| Action item |
All lines holding the word "Necklace" should be located in the records and copied.

| Data section |
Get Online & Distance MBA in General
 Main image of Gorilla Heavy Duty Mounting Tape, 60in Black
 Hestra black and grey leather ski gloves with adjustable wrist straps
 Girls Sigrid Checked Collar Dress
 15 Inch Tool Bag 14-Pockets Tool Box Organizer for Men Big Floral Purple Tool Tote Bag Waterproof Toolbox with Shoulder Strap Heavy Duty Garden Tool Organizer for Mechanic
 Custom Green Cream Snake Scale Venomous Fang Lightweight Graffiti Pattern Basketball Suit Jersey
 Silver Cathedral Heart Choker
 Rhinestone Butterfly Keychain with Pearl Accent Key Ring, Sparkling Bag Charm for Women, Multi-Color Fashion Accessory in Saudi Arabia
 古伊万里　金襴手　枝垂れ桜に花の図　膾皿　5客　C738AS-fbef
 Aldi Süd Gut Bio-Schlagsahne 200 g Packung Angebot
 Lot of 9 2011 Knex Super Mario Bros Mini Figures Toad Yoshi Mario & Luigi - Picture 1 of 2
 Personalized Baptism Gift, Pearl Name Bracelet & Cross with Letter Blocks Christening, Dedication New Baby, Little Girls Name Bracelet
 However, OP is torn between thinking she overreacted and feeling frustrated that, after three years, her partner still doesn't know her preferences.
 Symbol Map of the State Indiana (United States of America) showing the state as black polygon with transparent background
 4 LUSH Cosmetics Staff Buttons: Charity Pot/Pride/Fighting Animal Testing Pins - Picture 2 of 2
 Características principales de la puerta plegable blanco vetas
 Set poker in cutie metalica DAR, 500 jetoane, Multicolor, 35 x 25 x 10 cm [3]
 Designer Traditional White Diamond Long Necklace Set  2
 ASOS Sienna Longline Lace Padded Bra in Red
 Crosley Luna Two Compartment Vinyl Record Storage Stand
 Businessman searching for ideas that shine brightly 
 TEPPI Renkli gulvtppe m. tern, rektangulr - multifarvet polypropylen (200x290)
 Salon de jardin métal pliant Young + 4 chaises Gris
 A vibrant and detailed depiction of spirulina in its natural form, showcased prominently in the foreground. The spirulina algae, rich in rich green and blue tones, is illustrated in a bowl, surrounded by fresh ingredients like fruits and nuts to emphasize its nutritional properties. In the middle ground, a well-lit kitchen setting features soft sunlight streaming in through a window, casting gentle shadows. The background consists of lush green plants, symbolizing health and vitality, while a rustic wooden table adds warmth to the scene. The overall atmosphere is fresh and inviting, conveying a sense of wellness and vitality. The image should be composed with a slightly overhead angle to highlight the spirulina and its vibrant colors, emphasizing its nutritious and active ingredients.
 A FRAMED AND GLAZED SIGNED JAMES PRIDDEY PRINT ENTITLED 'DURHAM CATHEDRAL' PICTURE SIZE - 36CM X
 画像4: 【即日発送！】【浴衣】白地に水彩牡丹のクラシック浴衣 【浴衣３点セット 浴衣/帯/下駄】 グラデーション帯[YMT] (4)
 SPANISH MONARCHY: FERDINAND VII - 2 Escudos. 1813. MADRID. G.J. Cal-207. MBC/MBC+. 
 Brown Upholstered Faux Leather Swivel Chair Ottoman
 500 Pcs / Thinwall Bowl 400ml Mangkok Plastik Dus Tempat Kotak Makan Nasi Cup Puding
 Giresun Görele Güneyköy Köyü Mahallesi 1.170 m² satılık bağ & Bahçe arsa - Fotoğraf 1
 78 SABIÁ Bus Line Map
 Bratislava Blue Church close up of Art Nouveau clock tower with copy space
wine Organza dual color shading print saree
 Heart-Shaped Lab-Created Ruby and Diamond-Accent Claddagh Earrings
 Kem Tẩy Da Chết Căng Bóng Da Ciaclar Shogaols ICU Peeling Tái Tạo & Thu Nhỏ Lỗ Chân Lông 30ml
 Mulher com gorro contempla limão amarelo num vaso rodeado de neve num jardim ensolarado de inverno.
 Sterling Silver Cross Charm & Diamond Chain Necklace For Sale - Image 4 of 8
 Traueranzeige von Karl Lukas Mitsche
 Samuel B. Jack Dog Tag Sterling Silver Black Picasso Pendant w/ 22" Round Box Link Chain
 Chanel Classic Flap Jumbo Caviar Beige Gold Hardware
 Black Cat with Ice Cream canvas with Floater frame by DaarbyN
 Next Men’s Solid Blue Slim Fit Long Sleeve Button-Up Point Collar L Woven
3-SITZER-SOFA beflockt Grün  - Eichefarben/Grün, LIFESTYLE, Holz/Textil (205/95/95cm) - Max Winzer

| Answer section |
 Designer Traditional White Diamond Long Necklace Set  2
 Sterling Silver Cross Charm & Diamond Chain Necklace For Sale - Image 4 of 8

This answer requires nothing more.